Loggers will have to improve their performance and show themselves to be responsible in their logging activities. To induce this behavior, concession agreements providing for logging company responsibilities as well as rights will be necessary. Payment of taxes—rather than tax evasion—should be the norm. Sustainable management of secondary growth forests and industrial plantations would then become a more important aspect of the business of logging companies than the mining of primary forests. Even where governments choose to continue to allow logging in primary forests, management of secondary growth should be strongly encouraged by levying much lower taxes on trees taken from replanted areas and industrial plantations than on trees harvested from primary forests. If international prices for tropical wood rise as currently projected, the profitability of forest plantations will increase, making such an approach even more feasible.

Where logging is still permitted in primary forests, it should be more heavily taxed—through area-based taxes levied on concessions. Part of the tax should be collected and retained by local communities owning the forests or having user rights in them Concession agreements should be auctioned to the highest bidder These measures would serve to return more of the benefit to the community and, in effect, impose a charge on the companies for the resource (the forest) exploited. Taxes should be high enough to reflect the economic and social value of the forest, including the environmental services it provides, and the cost of rehabilitation if the public sector or the local community undertakes that rehabilitation.

Governments will also need to develop the institutional and human capacity required to manage protected areas and to monitor logging as well as the use of farming, pasture, and fisheries resources made available for local people's use in forest areas. This is important to ensure that protected areas are in fact protected and that the areas made available for exploitation are used in a productive and sustainable manner. An example of management for sustainability is increasing the availability of wood products to keep pace with population growth—ensuing, for example, that replanting exceeds cutting. This could be done by inducing local communities and individual landowners to set aside sufficient land for wood production. The primary instrument to achieve this would be ensuring that price, tax, and other incentives make tree production and marketing profitable (and more profitable than other forms of land use on land most suitable for tree production). This requires planning and management capacity in government to help local populations manage natural resources. In parks and protected areas, governments will need the capacity to manage resources directly and effectively.

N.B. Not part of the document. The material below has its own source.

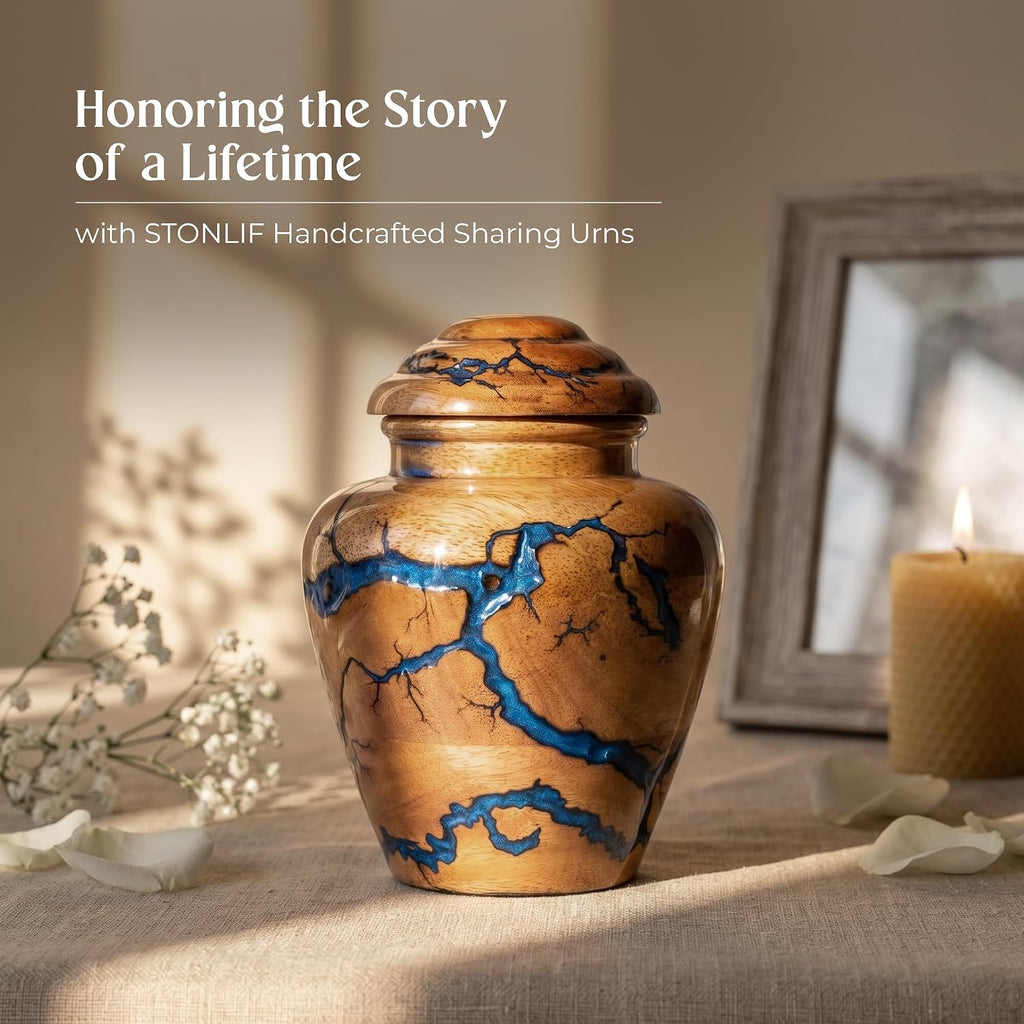 Small Keepsake Urn for Human Ashes Adult - Handcrafted Wooden Mini Urn (20 Cubic Inches) - Blue Decorative Memorial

On privately and communally held forest land, government forest services can also help local landowners reforest degraded areas, by providing planning assistance, technical advice, training, and seedlings" But planting, maintenance, and harvesting must be done by the resource owners' the people themselves. NGOs can play an important role in assisting them. Forest services need to abandon their present almost exclusive focus on direct management of forests—which is all too often coupled with an adversarial relationship with the people living around the forests—and place far greater emphasis on extension functions targeted at private and community-owned land. And forestry research needs to pay more attention to the issues faced in private and community management of forestry resources.